To determine whether the acyl chains modifying P0, the major protein of PNS myelin, turn over independently of the protein backbone, sciatic nerve slices from 10 to 65 day-old rats were incubated with a mixture of [3H]palmitic acid and [14C]amino acids, and proteins were analyzed by electrophoresis. Incorporation of [14C]amino acids into nerve P0 decreased approximately 10-fold between 10 and 65 days of age. In contrast, palmitoylation of P0, although maximal at 10 days-of age, decreased only 3-4-fold during the same period.

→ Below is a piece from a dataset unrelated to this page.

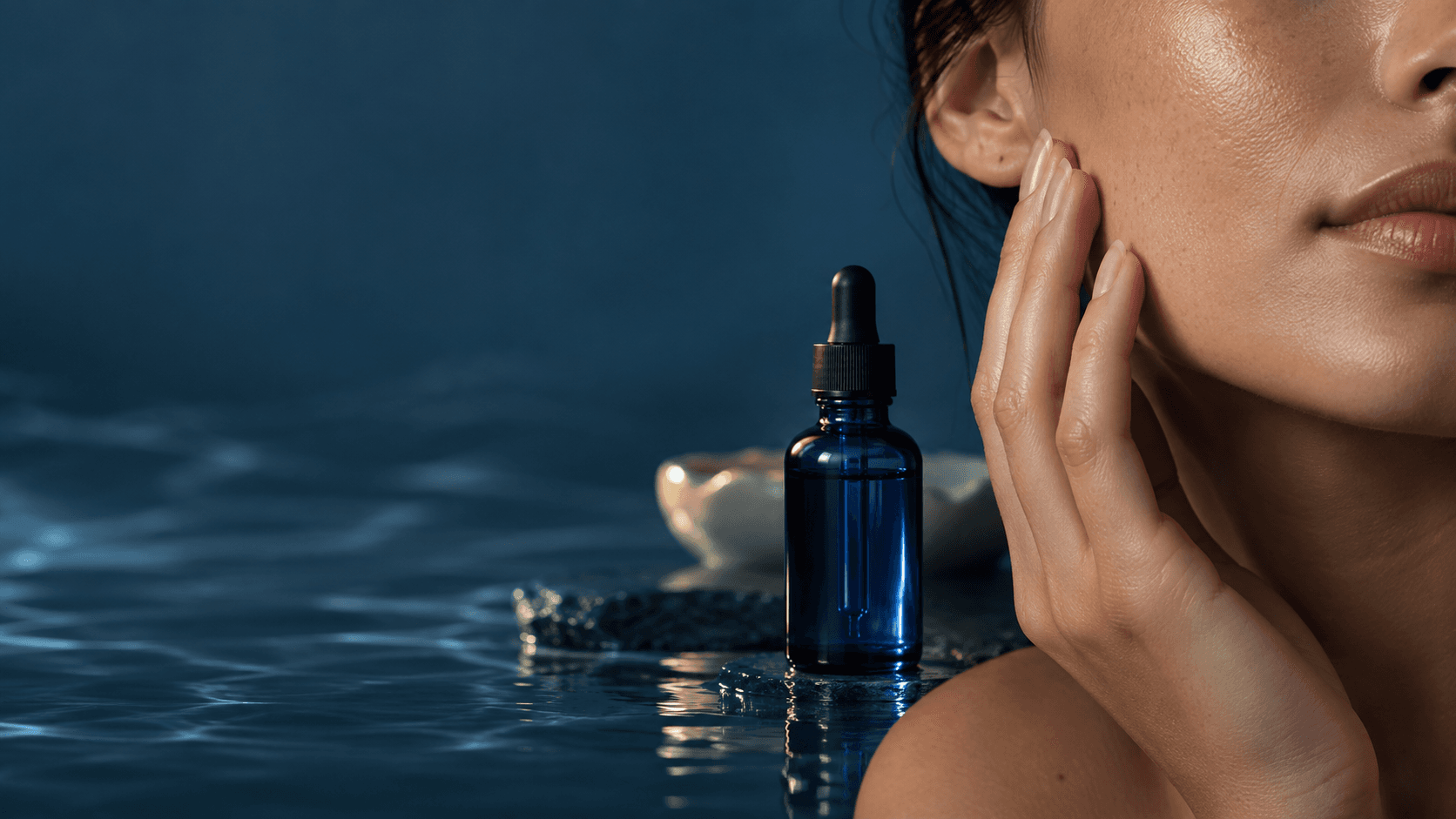 Natural skin, a gentle facial-care gesture, and an unbranded serum bottle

In the same experiments, the incorporation of [3H]palmitate into the nerve and into various lipids classes diminished by a comparable extent (2.5-fold). Thus, if corrected by the uptake of the tritiated precursor, palmitoylation of P0 remains nearly constant throughout development, and it is therefore independent of protein synthesis. Preincubation of nerve slices with cycloheximide for one hour reduced the incorporation of [3H]palmitate into both P0 and phospholipids in a concentration-dependent manner. At 10 microM cycloheximide, palmitoylation of P0 was unaffected while its synthesis was still repressed, indicating that these events are uncoupled. The effect of cycloheximide on fatty acid uptake can be attributed to inhibition of the palmitoyl-CoA : lysophosphatidylcholine acyltransferase activity. Neither the distribution of palmitate between albumin and lipid membranes nor the activities of other lipid-metabolizing enzymes were affected by the inhibitor. In conclusion, these results indicate that P0 palmitoylation occurs mainly on the preexisting molecules, and it therefore constitutes a dynamic event.